WHAT THIS TASK INVOLVES: As soon as the line containing "Property photo 3 of 23 Picture No. 25" appears, copy it and every following line word for word until the records end.

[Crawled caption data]
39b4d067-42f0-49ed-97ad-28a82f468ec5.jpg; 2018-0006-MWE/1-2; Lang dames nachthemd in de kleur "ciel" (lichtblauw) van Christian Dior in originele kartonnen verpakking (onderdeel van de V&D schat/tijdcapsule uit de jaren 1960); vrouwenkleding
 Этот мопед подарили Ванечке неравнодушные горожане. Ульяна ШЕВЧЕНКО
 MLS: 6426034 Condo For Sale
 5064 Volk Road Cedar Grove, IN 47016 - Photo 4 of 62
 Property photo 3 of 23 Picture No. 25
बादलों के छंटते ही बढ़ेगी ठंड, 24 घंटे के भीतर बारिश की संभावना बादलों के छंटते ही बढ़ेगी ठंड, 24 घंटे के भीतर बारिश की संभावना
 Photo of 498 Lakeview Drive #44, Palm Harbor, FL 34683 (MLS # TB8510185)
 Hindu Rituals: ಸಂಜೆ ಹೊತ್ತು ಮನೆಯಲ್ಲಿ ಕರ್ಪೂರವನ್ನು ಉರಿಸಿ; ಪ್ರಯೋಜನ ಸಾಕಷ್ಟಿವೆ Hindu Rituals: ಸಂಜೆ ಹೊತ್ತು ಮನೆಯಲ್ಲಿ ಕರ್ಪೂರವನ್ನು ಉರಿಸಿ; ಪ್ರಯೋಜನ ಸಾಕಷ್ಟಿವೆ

RESULT OF THIS TASK:
 Property photo 3 of 23 Picture No. 25
बादलों के छंटते ही बढ़ेगी ठंड, 24 घंटे के भीतर बारिश की संभावना बादलों के छंटते ही बढ़ेगी ठंड, 24 घंटे के भीतर बारिश की संभावना
 Photo of 498 Lakeview Drive #44, Palm Harbor, FL 34683 (MLS # TB8510185)
 Hindu Rituals: ಸಂಜೆ ಹೊತ್ತು ಮನೆಯಲ್ಲಿ ಕರ್ಪೂರವನ್ನು ಉರಿಸಿ; ಪ್ರಯೋಜನ ಸಾಕಷ್ಟಿವೆ Hindu Rituals: ಸಂಜೆ ಹೊತ್ತು ಮನೆಯಲ್ಲಿ ಕರ್ಪೂರವನ್ನು ಉರಿಸಿ; ಪ್ರಯೋಜನ ಸಾಕಷ್ಟಿವೆ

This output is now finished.